Word for word, repeat every entry that appears below.

☆ ☆ ☆ ☆

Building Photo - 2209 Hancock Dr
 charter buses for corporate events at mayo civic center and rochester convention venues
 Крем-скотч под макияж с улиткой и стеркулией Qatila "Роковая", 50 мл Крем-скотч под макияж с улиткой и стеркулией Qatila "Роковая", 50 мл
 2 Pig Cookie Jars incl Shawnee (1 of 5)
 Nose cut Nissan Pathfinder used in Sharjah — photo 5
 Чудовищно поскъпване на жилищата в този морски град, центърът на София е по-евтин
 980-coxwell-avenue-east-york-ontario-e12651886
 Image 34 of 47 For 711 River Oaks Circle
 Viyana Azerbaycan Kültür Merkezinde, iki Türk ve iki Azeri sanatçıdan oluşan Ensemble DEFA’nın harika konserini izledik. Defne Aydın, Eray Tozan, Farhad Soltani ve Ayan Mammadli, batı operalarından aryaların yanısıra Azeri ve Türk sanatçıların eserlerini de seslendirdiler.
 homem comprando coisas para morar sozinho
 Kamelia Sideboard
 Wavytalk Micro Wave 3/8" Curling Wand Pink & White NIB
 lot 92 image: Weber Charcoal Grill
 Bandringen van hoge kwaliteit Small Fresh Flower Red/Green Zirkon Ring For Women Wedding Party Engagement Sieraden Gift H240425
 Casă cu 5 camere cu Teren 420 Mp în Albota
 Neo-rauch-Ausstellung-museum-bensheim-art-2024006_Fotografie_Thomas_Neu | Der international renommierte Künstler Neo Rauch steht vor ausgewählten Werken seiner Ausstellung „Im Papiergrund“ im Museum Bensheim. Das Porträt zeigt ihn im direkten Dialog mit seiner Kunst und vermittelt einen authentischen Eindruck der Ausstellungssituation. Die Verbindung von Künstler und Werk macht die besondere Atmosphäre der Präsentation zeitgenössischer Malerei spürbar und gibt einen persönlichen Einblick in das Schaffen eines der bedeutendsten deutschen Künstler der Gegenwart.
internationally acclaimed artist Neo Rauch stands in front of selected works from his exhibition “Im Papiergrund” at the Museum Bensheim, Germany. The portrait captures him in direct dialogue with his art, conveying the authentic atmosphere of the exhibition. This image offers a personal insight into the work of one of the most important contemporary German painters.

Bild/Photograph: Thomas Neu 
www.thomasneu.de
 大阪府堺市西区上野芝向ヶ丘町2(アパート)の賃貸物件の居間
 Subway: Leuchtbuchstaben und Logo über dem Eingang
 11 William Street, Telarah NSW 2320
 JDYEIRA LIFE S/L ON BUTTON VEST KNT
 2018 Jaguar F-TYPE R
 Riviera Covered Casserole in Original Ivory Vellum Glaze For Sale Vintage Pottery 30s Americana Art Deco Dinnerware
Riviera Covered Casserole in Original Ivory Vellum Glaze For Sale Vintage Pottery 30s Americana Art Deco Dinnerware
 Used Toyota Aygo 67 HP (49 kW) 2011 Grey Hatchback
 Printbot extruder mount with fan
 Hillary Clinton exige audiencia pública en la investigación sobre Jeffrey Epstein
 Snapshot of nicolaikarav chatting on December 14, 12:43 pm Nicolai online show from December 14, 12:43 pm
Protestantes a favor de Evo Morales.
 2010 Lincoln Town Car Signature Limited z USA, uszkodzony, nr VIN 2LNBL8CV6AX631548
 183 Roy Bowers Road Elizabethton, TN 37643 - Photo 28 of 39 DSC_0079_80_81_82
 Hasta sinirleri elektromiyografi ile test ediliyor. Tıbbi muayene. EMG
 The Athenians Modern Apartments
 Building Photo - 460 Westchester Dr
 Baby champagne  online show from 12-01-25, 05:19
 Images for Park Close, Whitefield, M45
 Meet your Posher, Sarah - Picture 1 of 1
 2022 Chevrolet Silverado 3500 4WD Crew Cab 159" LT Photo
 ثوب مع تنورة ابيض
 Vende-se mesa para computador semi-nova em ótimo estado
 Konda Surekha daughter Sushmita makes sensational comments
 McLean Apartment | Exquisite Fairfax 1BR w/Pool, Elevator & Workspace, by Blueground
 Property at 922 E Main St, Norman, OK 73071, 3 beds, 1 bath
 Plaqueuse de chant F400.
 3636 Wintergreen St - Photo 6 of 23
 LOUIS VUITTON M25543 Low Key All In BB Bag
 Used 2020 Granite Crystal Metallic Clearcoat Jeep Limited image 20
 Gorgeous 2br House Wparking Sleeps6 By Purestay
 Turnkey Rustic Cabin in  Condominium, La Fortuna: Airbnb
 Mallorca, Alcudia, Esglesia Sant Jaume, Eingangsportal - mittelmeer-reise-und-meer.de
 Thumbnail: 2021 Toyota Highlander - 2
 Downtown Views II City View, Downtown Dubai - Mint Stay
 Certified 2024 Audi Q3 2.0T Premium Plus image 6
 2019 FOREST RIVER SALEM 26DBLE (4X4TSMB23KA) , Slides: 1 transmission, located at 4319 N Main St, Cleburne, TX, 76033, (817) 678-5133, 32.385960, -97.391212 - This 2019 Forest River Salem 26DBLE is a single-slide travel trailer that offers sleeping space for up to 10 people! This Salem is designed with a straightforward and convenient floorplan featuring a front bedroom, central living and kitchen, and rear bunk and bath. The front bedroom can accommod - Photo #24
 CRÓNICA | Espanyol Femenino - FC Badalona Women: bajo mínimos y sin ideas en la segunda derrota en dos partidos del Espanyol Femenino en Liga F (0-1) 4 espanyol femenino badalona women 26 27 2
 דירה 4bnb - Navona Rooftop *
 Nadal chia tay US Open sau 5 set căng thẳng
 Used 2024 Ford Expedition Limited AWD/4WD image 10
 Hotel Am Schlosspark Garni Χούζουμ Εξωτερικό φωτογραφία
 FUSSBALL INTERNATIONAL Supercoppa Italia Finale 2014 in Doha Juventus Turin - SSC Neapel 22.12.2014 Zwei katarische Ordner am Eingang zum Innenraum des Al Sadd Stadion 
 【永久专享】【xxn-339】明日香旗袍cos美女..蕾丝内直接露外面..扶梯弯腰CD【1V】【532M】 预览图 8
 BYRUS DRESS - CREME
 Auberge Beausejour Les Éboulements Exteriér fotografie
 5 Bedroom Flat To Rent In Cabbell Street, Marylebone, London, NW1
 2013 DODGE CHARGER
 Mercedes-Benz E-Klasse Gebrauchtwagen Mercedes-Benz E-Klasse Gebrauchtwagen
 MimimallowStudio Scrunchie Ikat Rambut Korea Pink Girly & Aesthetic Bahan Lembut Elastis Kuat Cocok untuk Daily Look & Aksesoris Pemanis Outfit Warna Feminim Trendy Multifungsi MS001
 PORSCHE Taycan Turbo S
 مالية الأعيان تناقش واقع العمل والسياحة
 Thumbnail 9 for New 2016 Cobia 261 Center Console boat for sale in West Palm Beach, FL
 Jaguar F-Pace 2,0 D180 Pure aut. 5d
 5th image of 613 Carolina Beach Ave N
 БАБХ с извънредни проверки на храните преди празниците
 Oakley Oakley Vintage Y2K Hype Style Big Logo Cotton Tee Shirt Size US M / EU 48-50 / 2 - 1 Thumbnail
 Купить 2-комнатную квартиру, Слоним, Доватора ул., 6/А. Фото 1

☆ ☆ ☆ ☆

Finished exercise =
Building Photo - 2209 Hancock Dr
 charter buses for corporate events at mayo civic center and rochester convention venues
 Крем-скотч под макияж с улиткой и стеркулией Qatila "Роковая", 50 мл Крем-скотч под макияж с улиткой и стеркулией Qatila "Роковая", 50 мл
 2 Pig Cookie Jars incl Shawnee (1 of 5)
 Nose cut Nissan Pathfinder used in Sharjah — photo 5
 Чудовищно поскъпване на жилищата в този морски град, центърът на София е по-евтин
 980-coxwell-avenue-east-york-ontario-e12651886
 Image 34 of 47 For 711 River Oaks Circle
 Viyana Azerbaycan Kültür Merkezinde, iki Türk ve iki Azeri sanatçıdan oluşan Ensemble DEFA’nın harika konserini izledik. Defne Aydın, Eray Tozan, Farhad Soltani ve Ayan Mammadli, batı operalarından aryaların yanısıra Azeri ve Türk sanatçıların eserlerini de seslendirdiler.
 homem comprando coisas para morar sozinho
 Kamelia Sideboard
 Wavytalk Micro Wave 3/8" Curling Wand Pink & White NIB
 lot 92 image: Weber Charcoal Grill
 Bandringen van hoge kwaliteit Small Fresh Flower Red/Green Zirkon Ring For Women Wedding Party Engagement Sieraden Gift H240425
 Casă cu 5 camere cu Teren 420 Mp în Albota
 Neo-rauch-Ausstellung-museum-bensheim-art-2024006_Fotografie_Thomas_Neu | Der international renommierte Künstler Neo Rauch steht vor ausgewählten Werken seiner Ausstellung „Im Papiergrund“ im Museum Bensheim. Das Porträt zeigt ihn im direkten Dialog mit seiner Kunst und vermittelt einen authentischen Eindruck der Ausstellungssituation. Die Verbindung von Künstler und Werk macht die besondere Atmosphäre der Präsentation zeitgenössischer Malerei spürbar und gibt einen persönlichen Einblick in das Schaffen eines der bedeutendsten deutschen Künstler der Gegenwart.
internationally acclaimed artist Neo Rauch stands in front of selected works from his exhibition “Im Papiergrund” at the Museum Bensheim, Germany. The portrait captures him in direct dialogue with his art, conveying the authentic atmosphere of the exhibition. This image offers a personal insight into the work of one of the most important contemporary German painters.

Bild/Photograph: Thomas Neu 
www.thomasneu.de
 大阪府堺市西区上野芝向ヶ丘町2(アパート)の賃貸物件の居間
 Subway: Leuchtbuchstaben und Logo über dem Eingang
 11 William Street, Telarah NSW 2320
 JDYEIRA LIFE S/L ON BUTTON VEST KNT
 2018 Jaguar F-TYPE R
 Riviera Covered Casserole in Original Ivory Vellum Glaze For Sale Vintage Pottery 30s Americana Art Deco Dinnerware
Riviera Covered Casserole in Original Ivory Vellum Glaze For Sale Vintage Pottery 30s Americana Art Deco Dinnerware
 Used Toyota Aygo 67 HP (49 kW) 2011 Grey Hatchback
 Printbot extruder mount with fan
 Hillary Clinton exige audiencia pública en la investigación sobre Jeffrey Epstein
 Snapshot of nicolaikarav chatting on December 14, 12:43 pm Nicolai online show from December 14, 12:43 pm
Protestantes a favor de Evo Morales.
 2010 Lincoln Town Car Signature Limited z USA, uszkodzony, nr VIN 2LNBL8CV6AX631548
 183 Roy Bowers Road Elizabethton, TN 37643 - Photo 28 of 39 DSC_0079_80_81_82
 Hasta sinirleri elektromiyografi ile test ediliyor. Tıbbi muayene. EMG
 The Athenians Modern Apartments
 Building Photo - 460 Westchester Dr
 Baby champagne  online show from 12-01-25, 05:19
 Images for Park Close, Whitefield, M45
 Meet your Posher, Sarah - Picture 1 of 1
 2022 Chevrolet Silverado 3500 4WD Crew Cab 159" LT Photo
 ثوب مع تنورة ابيض
 Vende-se mesa para computador semi-nova em ótimo estado
 Konda Surekha daughter Sushmita makes sensational comments
 McLean Apartment | Exquisite Fairfax 1BR w/Pool, Elevator & Workspace, by Blueground
 Property at 922 E Main St, Norman, OK 73071, 3 beds, 1 bath
 Plaqueuse de chant F400.
 3636 Wintergreen St - Photo 6 of 23
 LOUIS VUITTON M25543 Low Key All In BB Bag
 Used 2020 Granite Crystal Metallic Clearcoat Jeep Limited image 20
 Gorgeous 2br House Wparking Sleeps6 By Purestay
 Turnkey Rustic Cabin in  Condominium, La Fortuna: Airbnb
 Mallorca, Alcudia, Esglesia Sant Jaume, Eingangsportal - mittelmeer-reise-und-meer.de
 Thumbnail: 2021 Toyota Highlander - 2
 Downtown Views II City View, Downtown Dubai - Mint Stay
 Certified 2024 Audi Q3 2.0T Premium Plus image 6
 2019 FOREST RIVER SALEM 26DBLE (4X4TSMB23KA) , Slides: 1 transmission, located at 4319 N Main St, Cleburne, TX, 76033, (817) 678-5133, 32.385960, -97.391212 - This 2019 Forest River Salem 26DBLE is a single-slide travel trailer that offers sleeping space for up to 10 people! This Salem is designed with a straightforward and convenient floorplan featuring a front bedroom, central living and kitchen, and rear bunk and bath. The front bedroom can accommod - Photo #24
 CRÓNICA | Espanyol Femenino - FC Badalona Women: bajo mínimos y sin ideas en la segunda derrota en dos partidos del Espanyol Femenino en Liga F (0-1) 4 espanyol femenino badalona women 26 27 2
 דירה 4bnb - Navona Rooftop *
 Nadal chia tay US Open sau 5 set căng thẳng
 Used 2024 Ford Expedition Limited AWD/4WD image 10
 Hotel Am Schlosspark Garni Χούζουμ Εξωτερικό φωτογραφία
 FUSSBALL INTERNATIONAL Supercoppa Italia Finale 2014 in Doha Juventus Turin - SSC Neapel 22.12.2014 Zwei katarische Ordner am Eingang zum Innenraum des Al Sadd Stadion 
 【永久专享】【xxn-339】明日香旗袍cos美女..蕾丝内直接露外面..扶梯弯腰CD【1V】【532M】 预览图 8
 BYRUS DRESS - CREME
 Auberge Beausejour Les Éboulements Exteriér fotografie
 5 Bedroom Flat To Rent In Cabbell Street, Marylebone, London, NW1
 2013 DODGE CHARGER
 Mercedes-Benz E-Klasse Gebrauchtwagen Mercedes-Benz E-Klasse Gebrauchtwagen
 MimimallowStudio Scrunchie Ikat Rambut Korea Pink Girly & Aesthetic Bahan Lembut Elastis Kuat Cocok untuk Daily Look & Aksesoris Pemanis Outfit Warna Feminim Trendy Multifungsi MS001
 PORSCHE Taycan Turbo S
 مالية الأعيان تناقش واقع العمل والسياحة
 Thumbnail 9 for New 2016 Cobia 261 Center Console boat for sale in West Palm Beach, FL
 Jaguar F-Pace 2,0 D180 Pure aut. 5d
 5th image of 613 Carolina Beach Ave N
 БАБХ с извънредни проверки на храните преди празниците
 Oakley Oakley Vintage Y2K Hype Style Big Logo Cotton Tee Shirt Size US M / EU 48-50 / 2 - 1 Thumbnail
 Купить 2-комнатную квартиру, Слоним, Доватора ул., 6/А. Фото 1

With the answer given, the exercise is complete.